# [Short web captions]
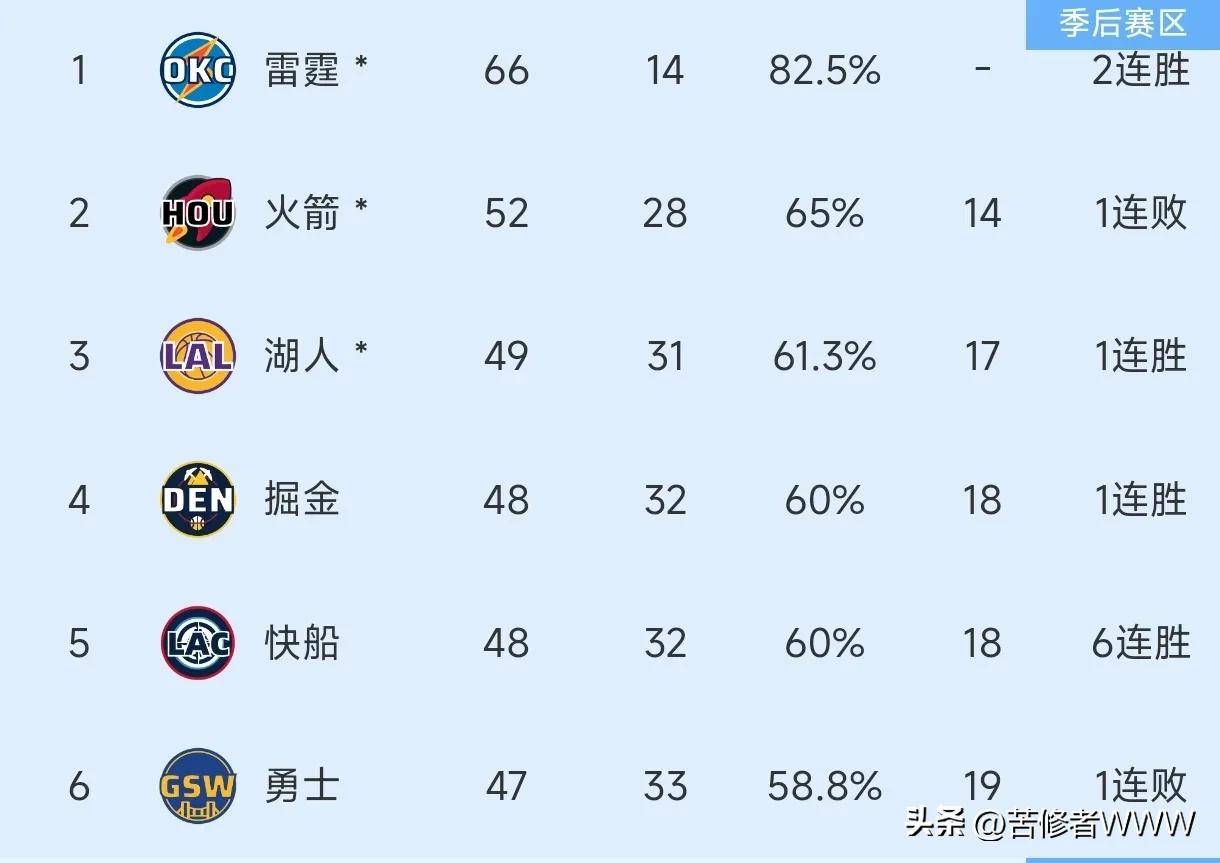 狂投记三分!湖人终结火箭连胜的简单介绍 狂投记三分!湖人终结火箭连胜的简单介绍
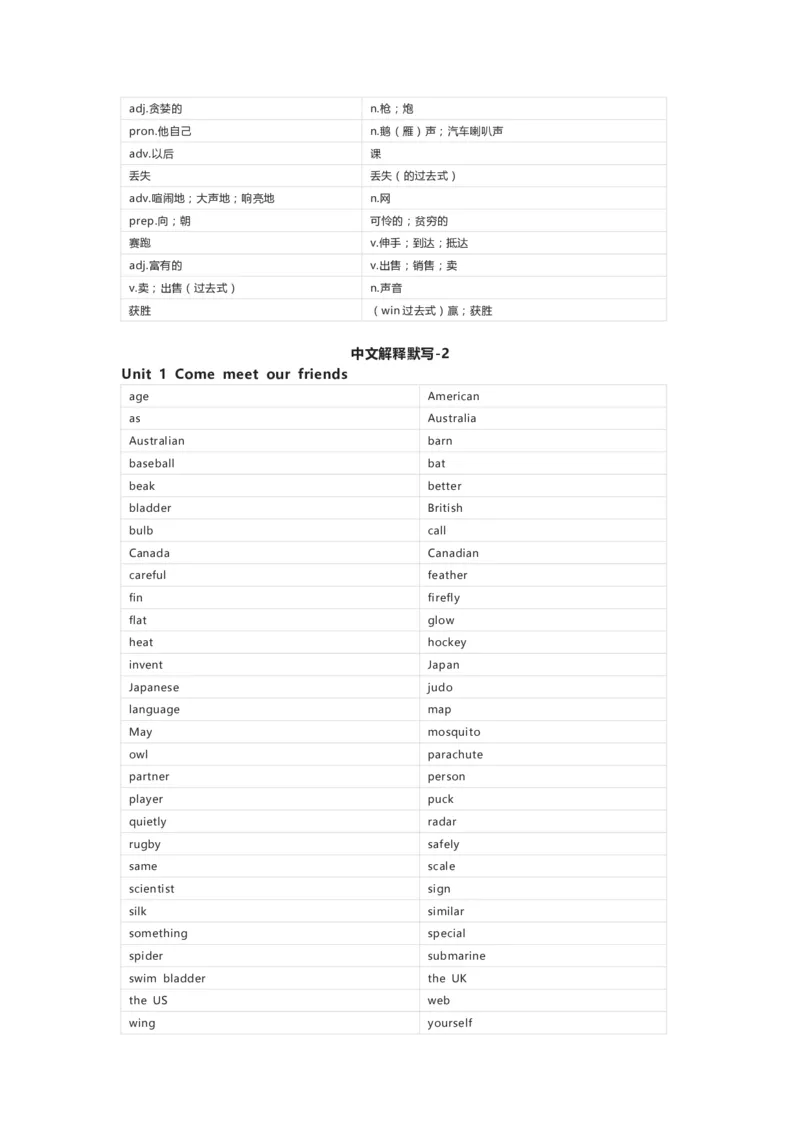 清大版英语六年级上册单词默写表_26春四年级上下册人教版_四上英语合集人教版PEP英语四年级上册新教材（教学视频+课件+动画+音频+练习+教案）_17练习资料_《小学英语单词默写表》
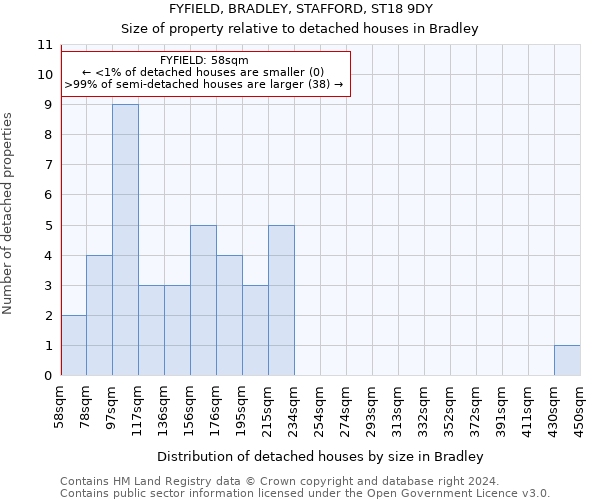 FYFIELD, BRADLEY, STAFFORD, ST18 9DY: Size of property relative to detached houses in Bradley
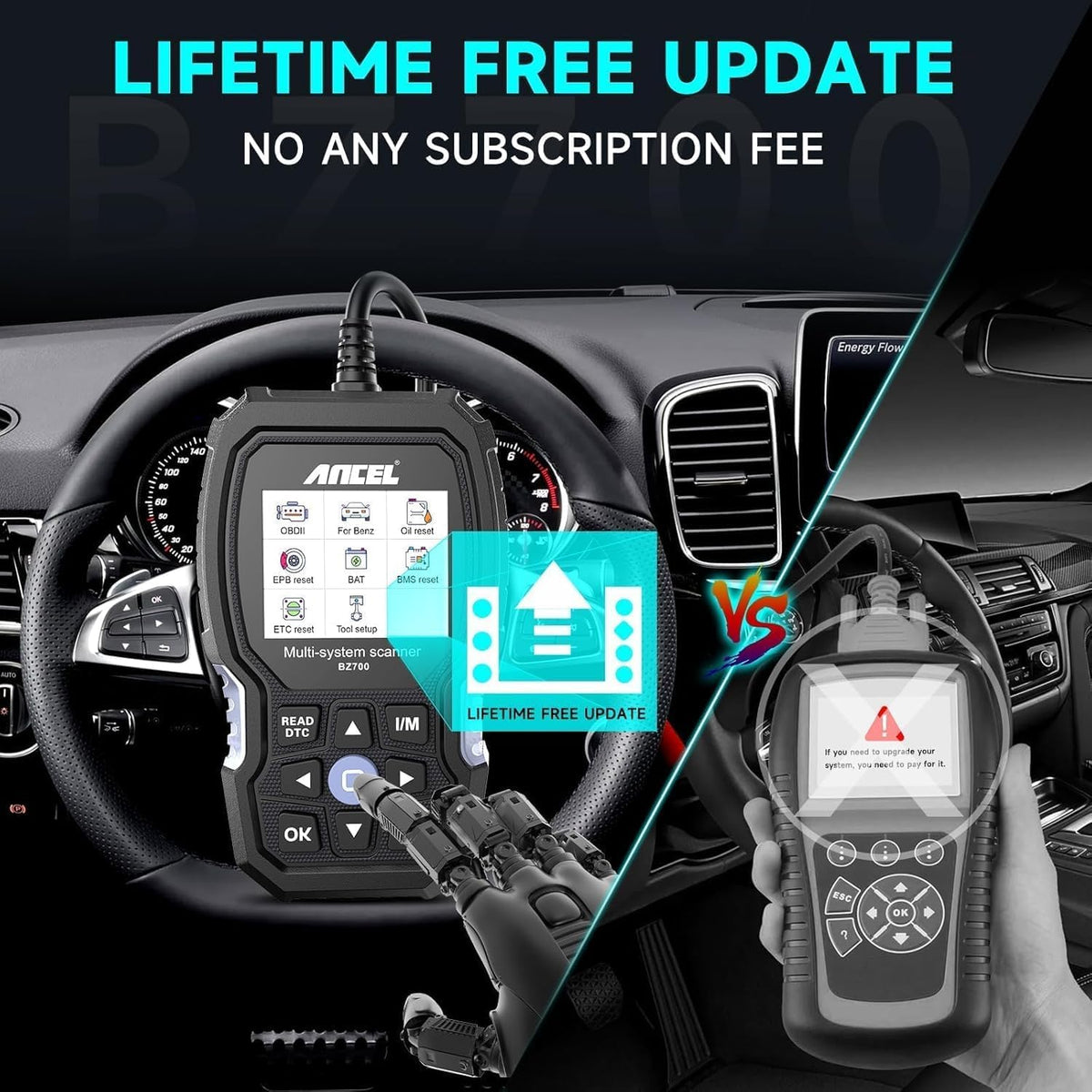 ANCEL BZ700 Mercedes Benz Sprinter/Vaneo/Vito/Viano/V/Metris/Citan/X Smart OBD2 Scanner, Full System Automotive Car Code Reader with All Reset Services, Battery Reset ABS Bleed Airbag EPB Oil SAS TPS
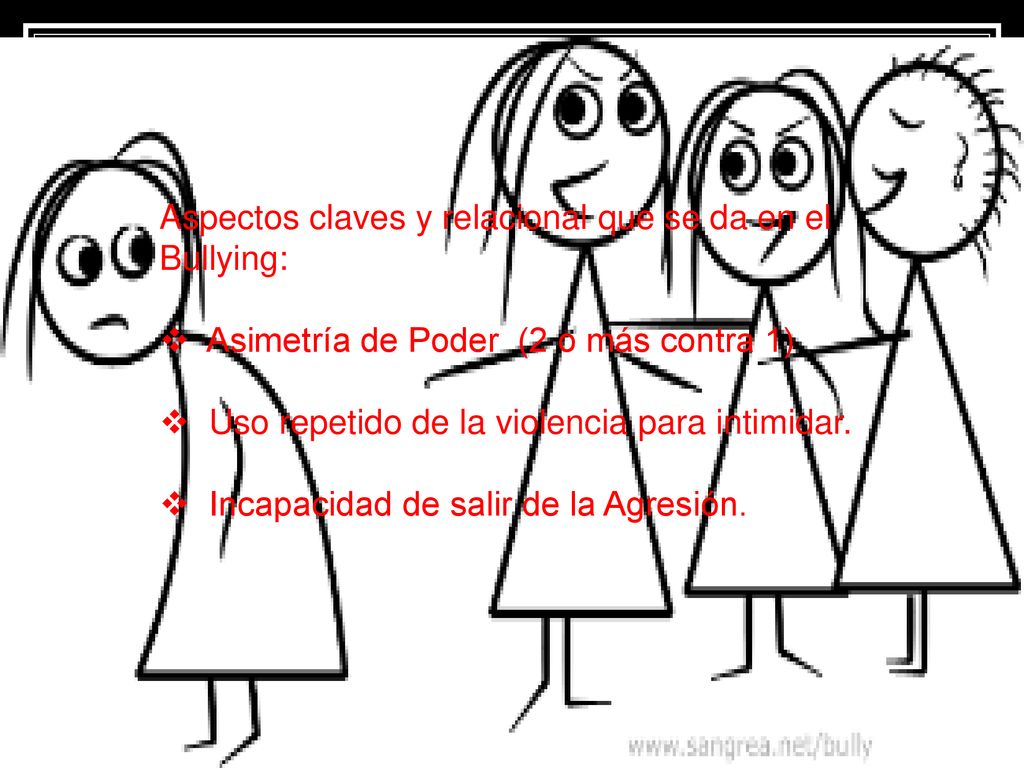 Aspectos claves y relacional que se da en el Bullying:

# [Exercise directions]
Please copy the lines above exactly as written, apart from any pictures.

# [Exercise response]
 狂投记三分!湖人终结火箭连胜的简单介绍 狂投记三分!湖人终结火箭连胜的简单介绍
 清大版英语六年级上册单词默写表_26春四年级上下册人教版_四上英语合集人教版PEP英语四年级上册新教材（教学视频+课件+动画+音频+练习+教案）_17练习资料_《小学英语单词默写表》
 FYFIELD, BRADLEY, STAFFORD, ST18 9DY: Size of property relative to detached houses in Bradley
 ANCEL BZ700 Mercedes Benz Sprinter/Vaneo/Vito/Viano/V/Metris/Citan/X Smart OBD2 Scanner, Full System Automotive Car Code Reader with All Reset Services, Battery Reset ABS Bleed Airbag EPB Oil SAS TPS
 Aspectos claves y relacional que se da en el Bullying:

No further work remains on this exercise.